The pharmaceutical industry is one of the largest, and most lucrative, industries in the world, worth about one trillion U.S. dollars. Specifically, the United States accounts for more than one-third of the global pharmaceutical market with about 340 million dollars in sales. Not only is the pharmaceutical industry one of the biggest industries profit-wise, but it is also an industry that affects almost every single person in the world. In a nation where healthcare issues are always on the rise, ensuring that American citizens benefit from pharmacology is essential to improving the nation’s healthcare system. The Food and Drug Administration (FDA) is responsible for protecting the public’s health by assuring its consumers that the pharmaceutical drugs approved in the United States are both safe and effective. However, with great responsibility, great problems are sure to follow.

The FDA’s approval process for pharmaceutical drugs is highly stringent, costly, and lengthy. While it makes sense to have a stringent approval process for pharmaceutical drugs, the cost and duration of the process outweigh the benefits that the FDA is trying to achieve.
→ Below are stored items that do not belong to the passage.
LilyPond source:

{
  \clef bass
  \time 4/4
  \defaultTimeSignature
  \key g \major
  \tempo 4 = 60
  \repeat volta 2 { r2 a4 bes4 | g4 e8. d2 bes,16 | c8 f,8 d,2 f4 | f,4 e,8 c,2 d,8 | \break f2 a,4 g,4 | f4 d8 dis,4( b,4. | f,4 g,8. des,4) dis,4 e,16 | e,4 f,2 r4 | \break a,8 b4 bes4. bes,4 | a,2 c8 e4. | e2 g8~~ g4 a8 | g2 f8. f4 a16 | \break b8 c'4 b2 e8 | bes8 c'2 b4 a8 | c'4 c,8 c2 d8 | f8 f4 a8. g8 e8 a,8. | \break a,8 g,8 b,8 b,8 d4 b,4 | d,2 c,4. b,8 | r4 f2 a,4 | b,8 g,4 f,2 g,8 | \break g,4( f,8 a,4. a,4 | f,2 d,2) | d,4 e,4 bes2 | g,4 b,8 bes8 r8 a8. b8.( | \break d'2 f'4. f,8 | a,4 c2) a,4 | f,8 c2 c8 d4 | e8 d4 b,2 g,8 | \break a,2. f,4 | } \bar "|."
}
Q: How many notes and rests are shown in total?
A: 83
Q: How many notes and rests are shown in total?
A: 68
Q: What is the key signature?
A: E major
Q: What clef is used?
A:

The FDA’s stringent approval process refuses to allow U.S. consumers access to potentially life-saving medicines that have already been approved in other countries, such as Great Britain, whose pharmaceutical regulatory system is most similar to that of the United States than any other country. By enacting an international reciprocity agreement that allows the U.S. to automatically approve drugs that have been approved in similar countries, the cost and duration of the FDA’s drug approval process would substantially decrease, which could potentially save millions of lives.